Dexmedetomidine pharmacokinetic-pharmacodynamic modelling in healthy volunteers: 1. Influence of arousal on bispectral index and sedation

Background: Dexmedetomidine, a selective α 2 -adrenoreceptor agonist, has unique characteristics, such as maintained respiratory drive and production of arousable sedation. We describe development of a pharmacokinetic-pharmacodynamic model of the sedative properties of dexmedetomidine, taking into account the effect of stimulation on its sedative properties.

Methods: In a two-period, randomized study in 18 healthy volunteers, dexmedetomidine was delivered in a step-up fashion by means of target-controlled infusion using the Dyck model. Volunteers were randomized to a session without background noise and a session with pre-recorded looped operating room background noise. Exploratory pharmacokinetic-pharmacodynamic modelling and covariate analysis were conducted in NONMEM using bispectral index (BIS) monitoring of processed EEG.

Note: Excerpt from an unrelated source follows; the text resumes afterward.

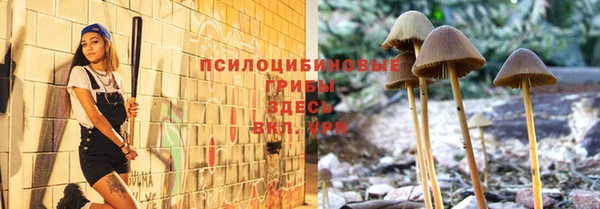 индика Бронницы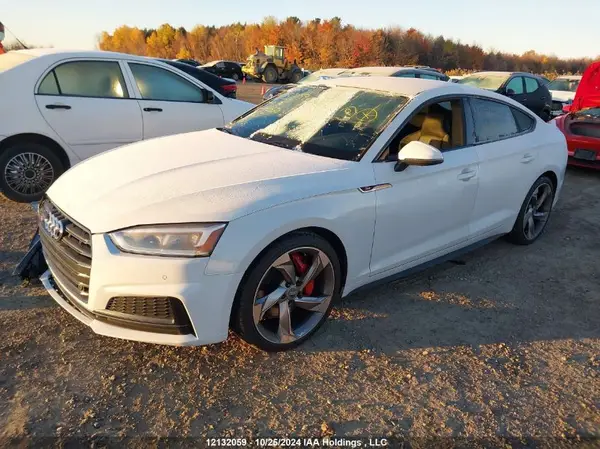 WAUC4CF50KA078570 2019 AUDI S5 - Image 2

Results: We found that both stimulation at the time of Modified Observer's Assessment of Alertness/Sedation (MOAA/S) scale scoring and the presence or absence of ambient noise had an effect on the sedative properties of dexmedetomidine. The stimuli associated with MOAA/S scoring increased the BIS of sedated volunteers because of a transient 170% increase in the effect-site concentration necessary to reach half of the maximal effect. In contrast, volunteers deprived of ambient noise were more resistant to dexmedetomidine and required, on average, 32% higher effect-site concentrations for the same effect as subjects who were exposed to background operating room noise.

Conclusions: The new pharmacokinetic-pharmacodynamic models might be used for effect-site rather than plasma concentration target-controlled infusion for dexmedetomidine in clinical practice, thereby allowing tighter control over the desired level of sedation.

Clinical trial registration: NCT01879865.